- _Data for the task_
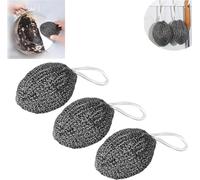 Wire Balls, Melon Shape Steel Wire Ball, Reusable Metal Scrubber, Non-Scratch Wire Dishcloth for Dishes, Pots, Pans, Grills Dish Wash Cleaning
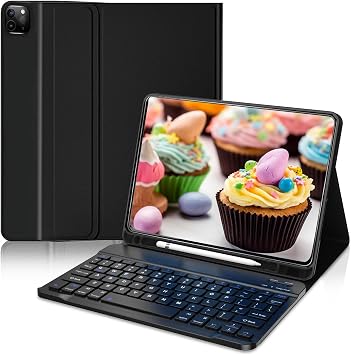 Keyboard Case for iPad Pro 13 Inch M4 7th Generation 2024 Released Model A2925 A2926, A3007, iPad Pro 13" Cover with Wireless Bluetooth Keyboard Built-in Pencil Holder - Black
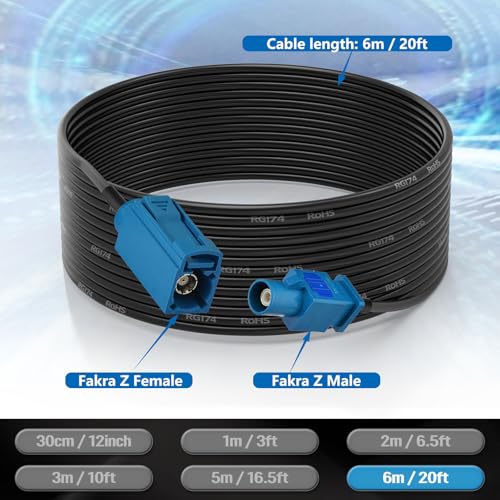 SZSAUTO Fakra Z Female to Male 20Ft / 6m RG174 Vehicle Antenna Extension Cable for Car Stereo Android Head Unit GPS Navigation FM AM Radio Sirius XM Satellite Radio 4G LTE TEL Telematics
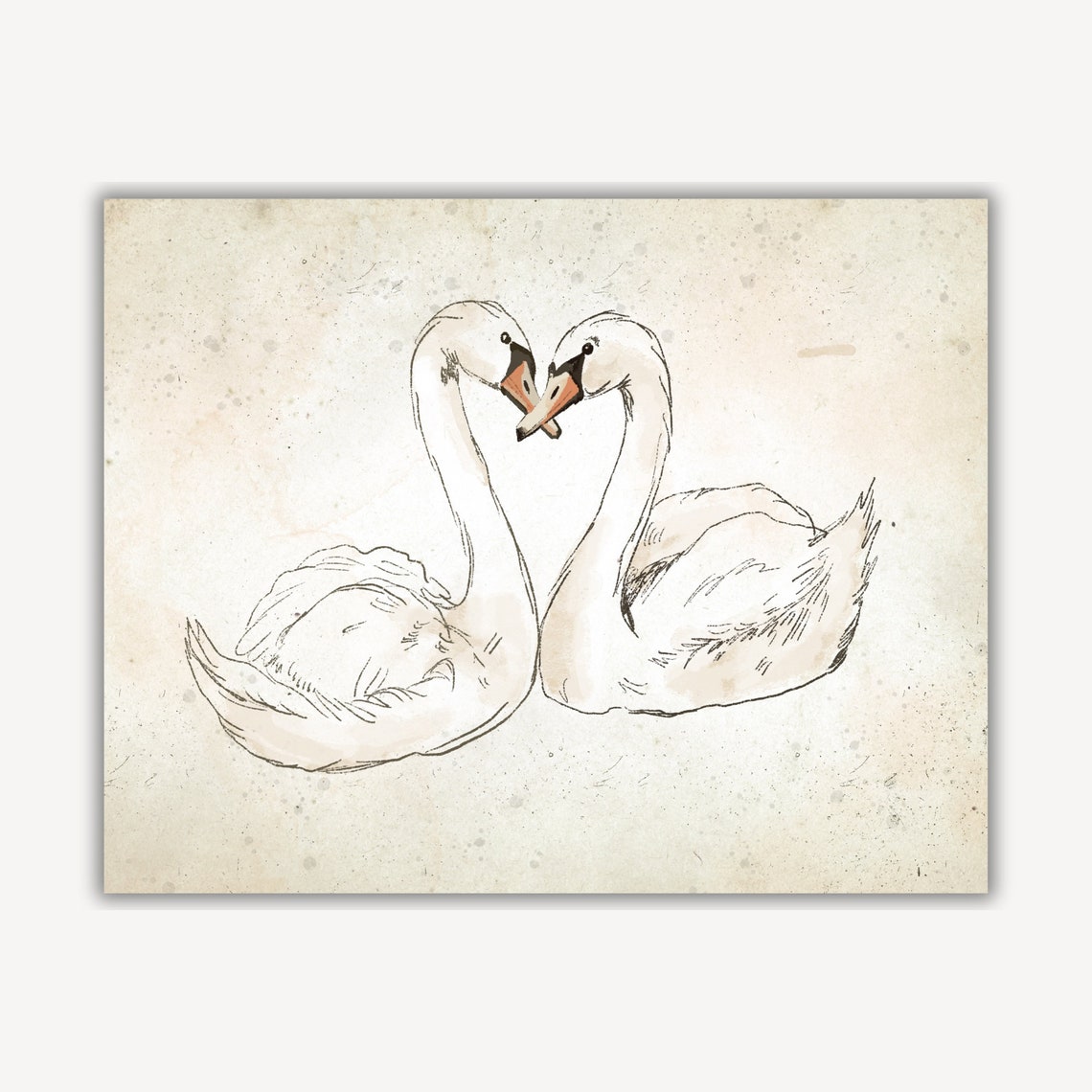 Swans with Necks Forming Heart Romantic Sketch Decor Art Print - Image 4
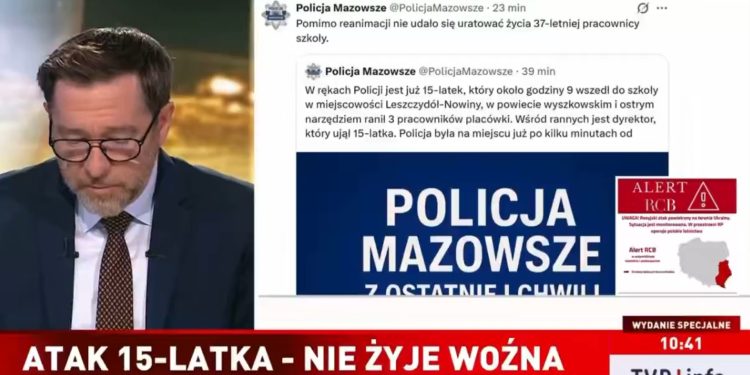 Atak w szkole w Leszczydole-Nowinach. 15-latek zabił woźną
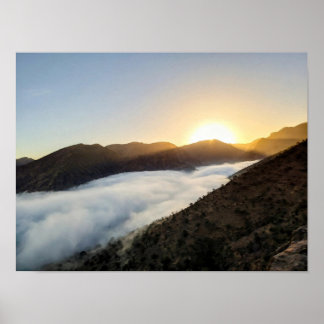 Dramatic Pink Cloud at Sunset Over Winding River - Poster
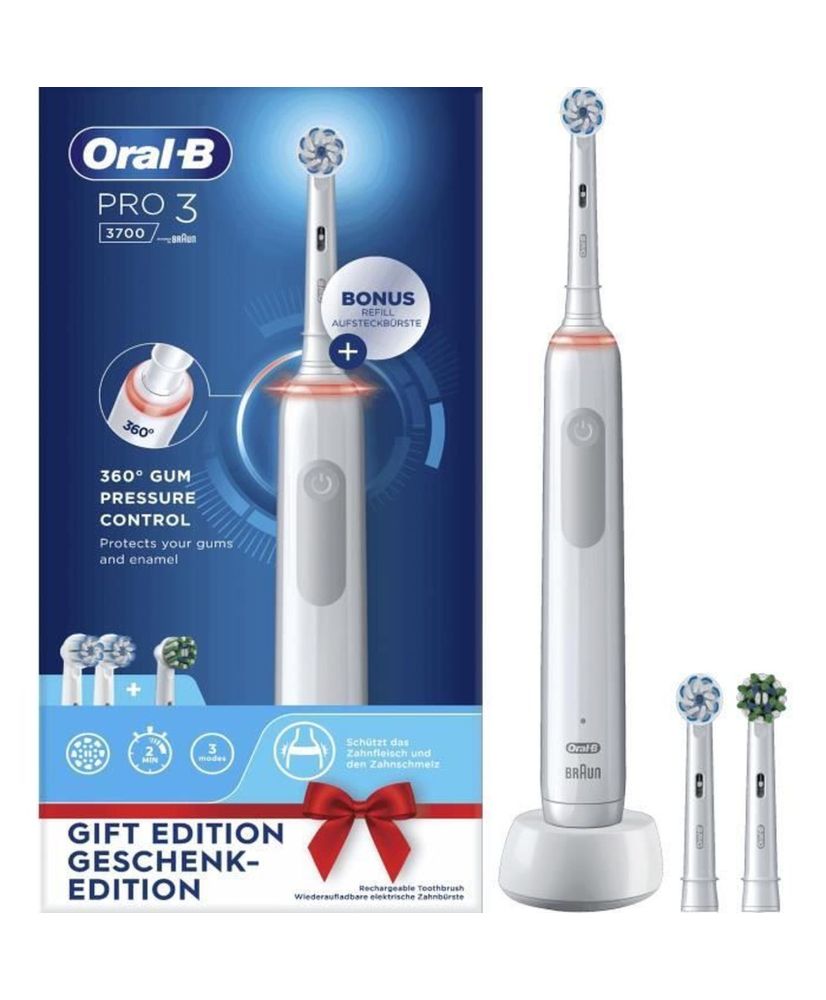 Spazzolino elettrico ORAL-B - 3 testine incluse - bianco - senza filo Spazzolino elettrico ORAL-B - 3 testine incluse - bianco - senza filo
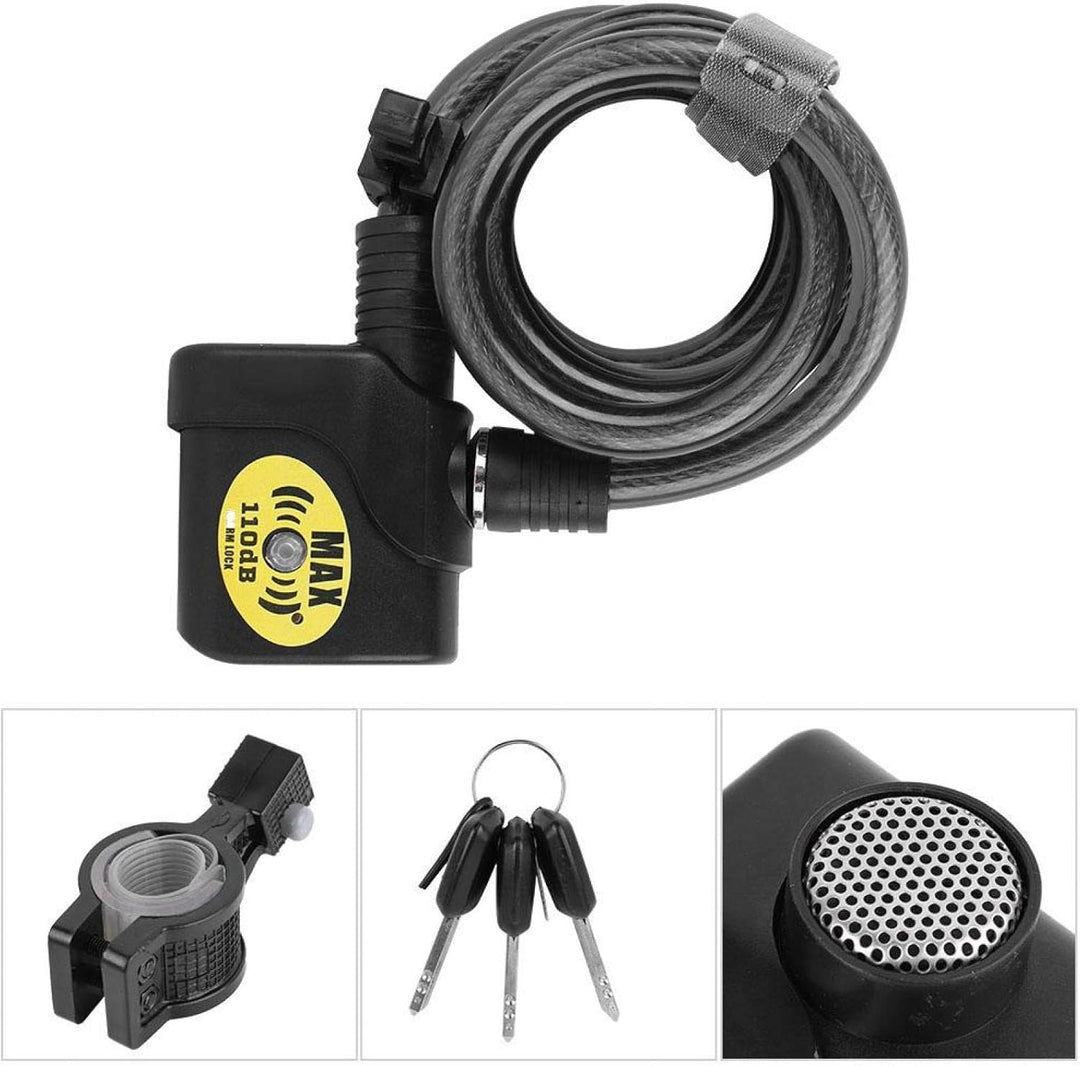 Fahrradschloss-Alarm mit universeller Fernbedienung, elektronischer 110-dB-Alarmketten-Sicherheitssc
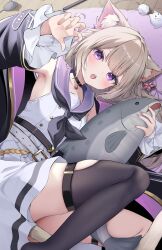 Rule 34 | 1girl, absurdres, animal ear piercing, animal ears, black choker, black neckerchief, black thighhighs, blonde hair, blush, choker, detached sleeves, fang, gomamiso (gomagoma bba), highres, looking at viewer, lying, neckerchief, neo-porte, open mouth, purple eyes, solo, stuffed toy, teeth, thighhighs, upper teeth only, virtual youtuber, yozuna niu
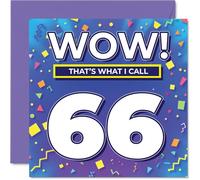 66th Birthday Cards for Women and Men, WOW Thats What I Call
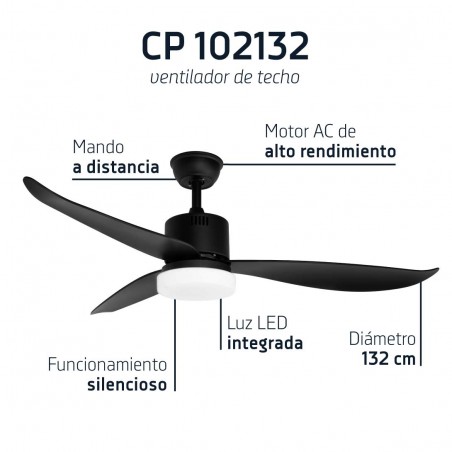 Ventilador de techo con luz LED Orbegozo CP102132, 3 velocidades, 3 aspas, negro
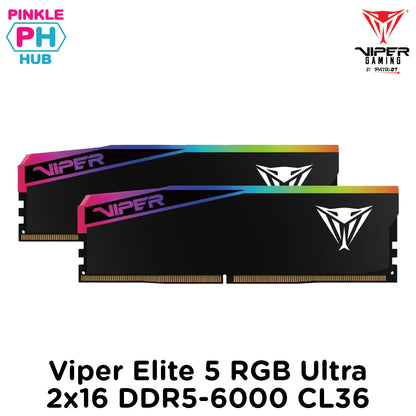 Patriot Memory Viper Elite 5 RGB Ultra 2x16 DDR5-6000 CL36 UDIMM (Support for Intel XMP 3.0 & AMD EXPO)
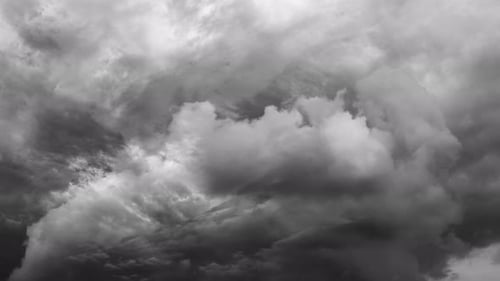 Dramatic Dark Clouds Moving in a Grayscale Sky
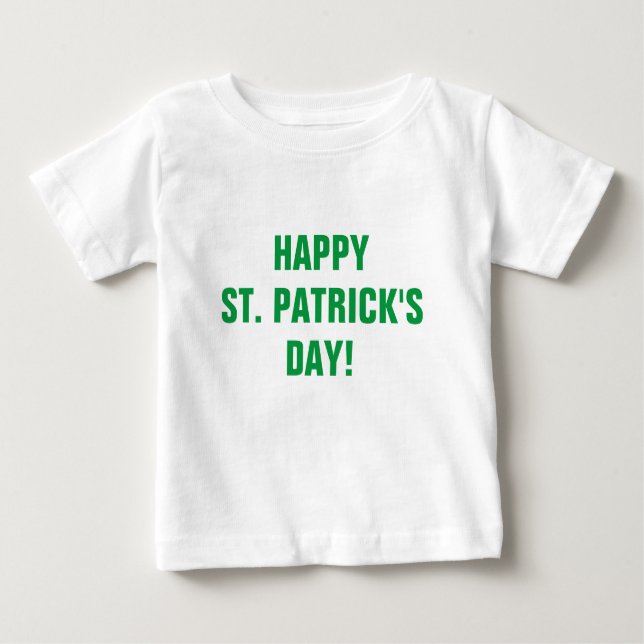 Camiseta Para Bebê Típica Verde de Dia de São Patrício Feliz (Frente)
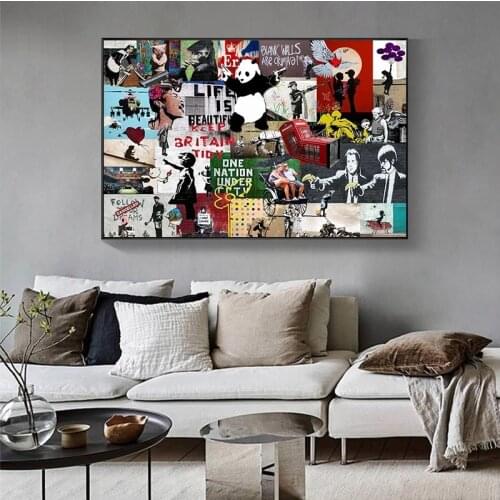 Banksy Artwork Graffiti Canvas Collage Art Pop Canvas Painting Posters and Prints Cuadros Wall Art for Living Room Home Decor
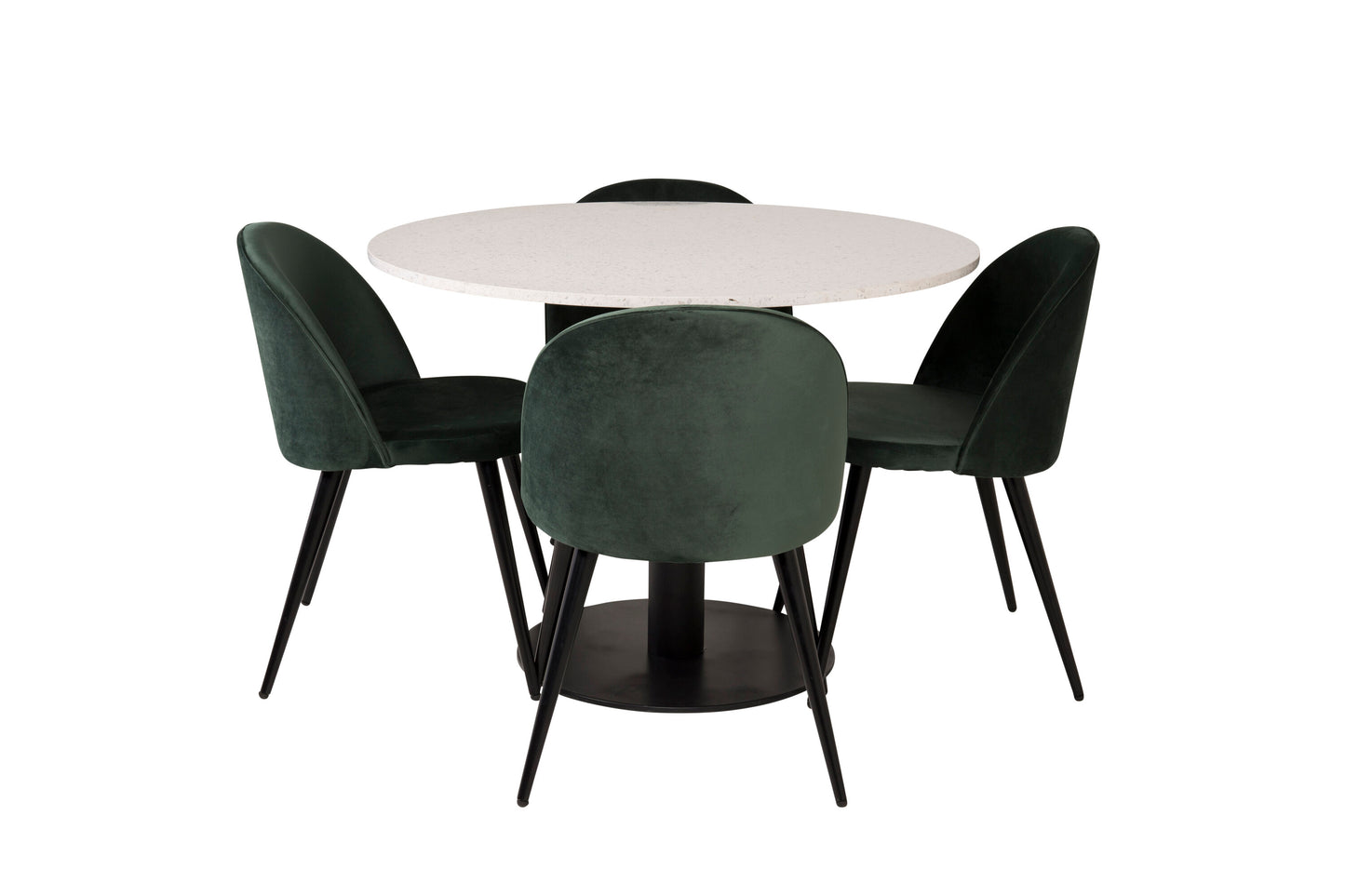 Razzia Matbord med Velvet Stolarna Matgrupp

- _What is required_
Where an entry holds a picture, drop it and transcribe everything else exactly.

- _Result of this exercise_
 Wire Balls, Melon Shape Steel Wire Ball, Reusable Metal Scrubber, Non-Scratch Wire Dishcloth for Dishes, Pots, Pans, Grills Dish Wash Cleaning
 Keyboard Case for iPad Pro 13 Inch M4 7th Generation 2024 Released Model A2925 A2926, A3007, iPad Pro 13" Cover with Wireless Bluetooth Keyboard Built-in Pencil Holder - Black
 SZSAUTO Fakra Z Female to Male 20Ft / 6m RG174 Vehicle Antenna Extension Cable for Car Stereo Android Head Unit GPS Navigation FM AM Radio Sirius XM Satellite Radio 4G LTE TEL Telematics
 Swans with Necks Forming Heart Romantic Sketch Decor Art Print - Image 4
 Atak w szkole w Leszczydole-Nowinach. 15-latek zabił woźną
 Dramatic Pink Cloud at Sunset Over Winding River - Poster
 Spazzolino elettrico ORAL-B - 3 testine incluse - bianco - senza filo Spazzolino elettrico ORAL-B - 3 testine incluse - bianco - senza filo
 Fahrradschloss-Alarm mit universeller Fernbedienung, elektronischer 110-dB-Alarmketten-Sicherheitssc
 Rule 34 | 1girl, absurdres, animal ear piercing, animal ears, black choker, black neckerchief, black thighhighs, blonde hair, blush, choker, detached sleeves, fang, gomamiso (gomagoma bba), highres, looking at viewer, lying, neckerchief, neo-porte, open mouth, purple eyes, solo, stuffed toy, teeth, thighhighs, upper teeth only, virtual youtuber, yozuna niu
 66th Birthday Cards for Women and Men, WOW Thats What I Call
 Ventilador de techo con luz LED Orbegozo CP102132, 3 velocidades, 3 aspas, negro
 Patriot Memory Viper Elite 5 RGB Ultra 2x16 DDR5-6000 CL36 UDIMM (Support for Intel XMP 3.0 & AMD EXPO)
 Dramatic Dark Clouds Moving in a Grayscale Sky
 Camiseta Para Bebê Típica Verde de Dia de São Patrício Feliz (Frente)
 Banksy Artwork Graffiti Canvas Collage Art Pop Canvas Painting Posters and Prints Cuadros Wall Art for Living Room Home Decor
 Razzia Matbord med Velvet Stolarna Matgrupp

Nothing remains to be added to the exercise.